Experimental Results

My primary criticism regarding the work lies in the provided results, which do not align with those presented in prior papers. For instance, DR performs better than Robust PLR in 5 out of 6 MiniGrid environments. This directly contradicts the results in the PLR paper [1], presented at NeurIPS 2021 and made open-source since July 2022, casting doubts on the accuracy of all experiments presented in this work.

  • One notable difference is the number of steps for which the authors ran the experiments. For example, the MiniGrid results in the PLR are for 250 million steps, while those presented here are for only 100 million steps. This could potentially affect Robust PLR more, given it's conducting half the number of PPO updates.
  • Another discrepancy is in the number of seeds used. In the original paper, the authors use 10 seeds, whereas here it is reduced to 5, introducing more noise into the results.
  • Selective presentation of environments raises questions as well. It is unclear to me why the authors present results on Maze but omit results on Maze 2. Similarly, why only present results on 3 Formula 1 tracks rather than the entire set?

Note: I completely understand that running these experiments for longer and with a higher number of seeds is computationally expensive. However, I believe it is important to adhere to fixed evaluation protocols for related works in the same field to allow for apples-to-apples comparisons where possible.

Other issues

  • There is prior work on utilizing diversity within the context of UED. Specifically, [2] adaptively identifies diverse environments using the Wasserstein distance measure, which is relevant to environment design. This work is not mentioned or compared against.
  • Why isn't the method compared to ACCEL? The authors provide only half a sentence on this topic, but the second half of the sentence is missing.

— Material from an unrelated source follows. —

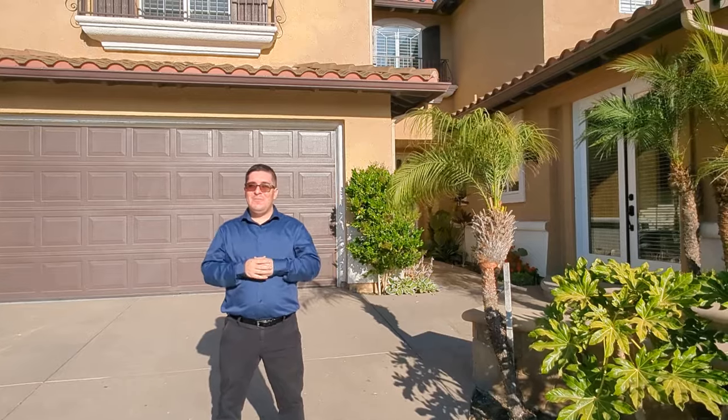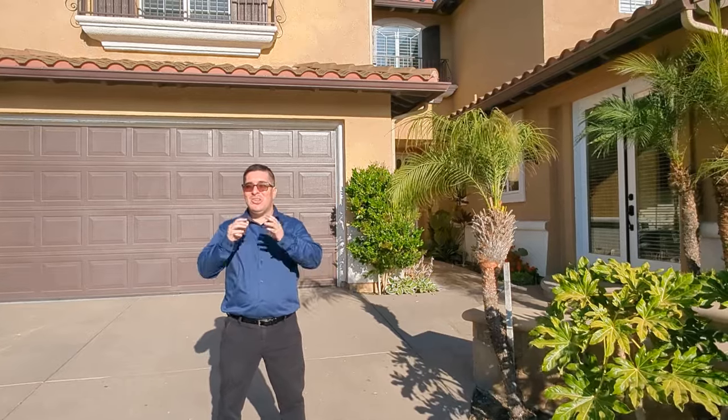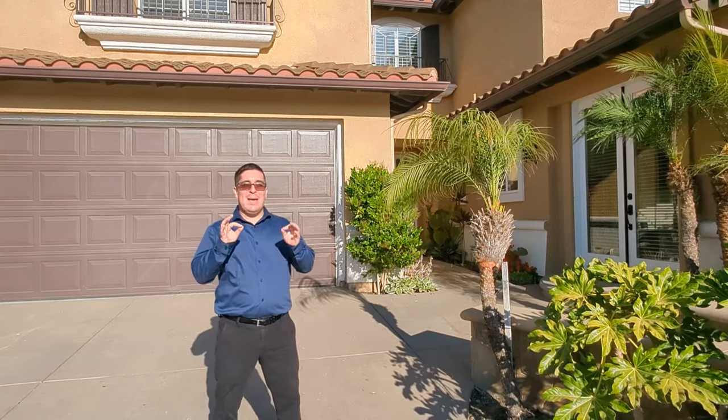Welcome to 2912 Patina Court, featuring 4 beds, 5 baths, and just over 4,200 square feet. You don't want to miss this absolute gem.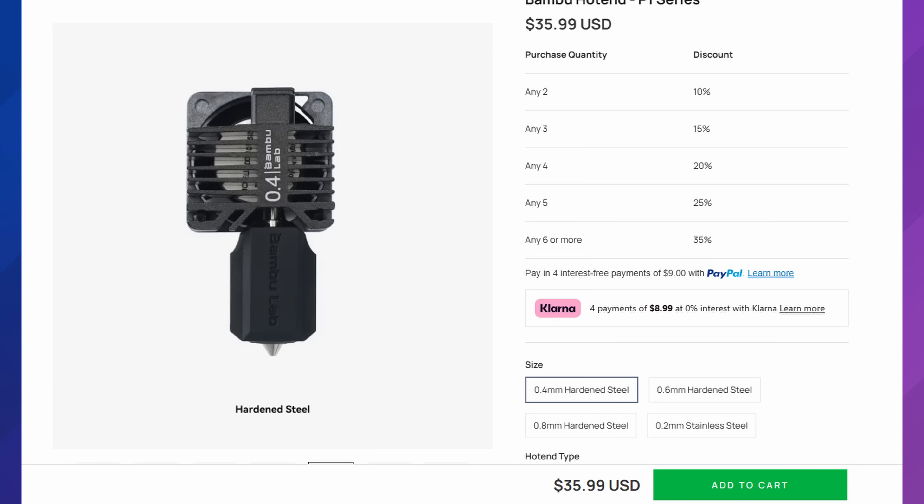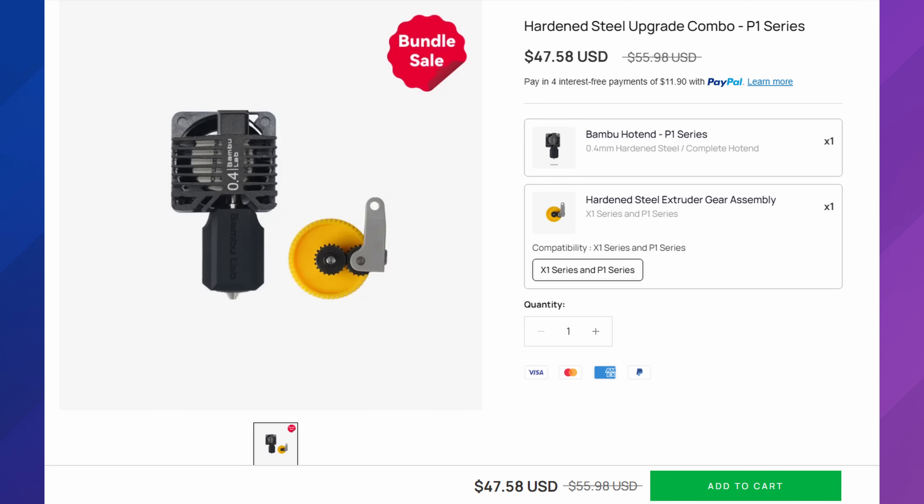If you think you might want to print with carbon fiber, ABS, or ASA down the road, the step up is the Bambu Lab P1S. Keep in mind the P1S stock does not come with a hardened steel nozzle, so on top of the $399 price you'll also need to upgrade the nozzle — around $33 to $35. I've also upgraded the extruder gear, bringing the total to about $50 for both upgrades. So at $450, you're set for printing those extra materials. Or maybe you have a pet that might get into your printer and you want it fully enclosed.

I can surmise their reason might be that ACCEL uses editing; however, one could argue that the newly proposed framework could also incorporate editing. If that's the case, there would be an expectation to explore this possibility and compare the results.
  • What exactly is the MBeED approach? This term is first introduced in Section 3.2 as if it has already been explained, yet there is no previous mention of it. If it shares common procedures in the pseudocode with MBeDED, then this should be clearly stated, and potentially highlighted with color-coding in Algorithm 1.
  • The lines of pseudocode in Section 3.1 are incorrect. For instance, Line 10 does not correspond to the creation of new environments. It seems the authors wrote this section and then updated the pseudocode. Regardless, this needs to be fixed as it creates confusion."

Given the major issues in this work, particularly regarding experimental results, I recommend that the paper is rejected in its current form. That said, I am looking forward to discussing this work with the authors during the rebuttal.

[1] Jiang el al, Replay-Guided Adversarial Environment Design, https://arxiv.org/abs/2110.02439

[2] Li et al, Generalization through Diversity: Improving Unsupervised Environment Design, https://arxiv.org/abs/2301.08025

问题

Please take a look at the weaknesses above and address them.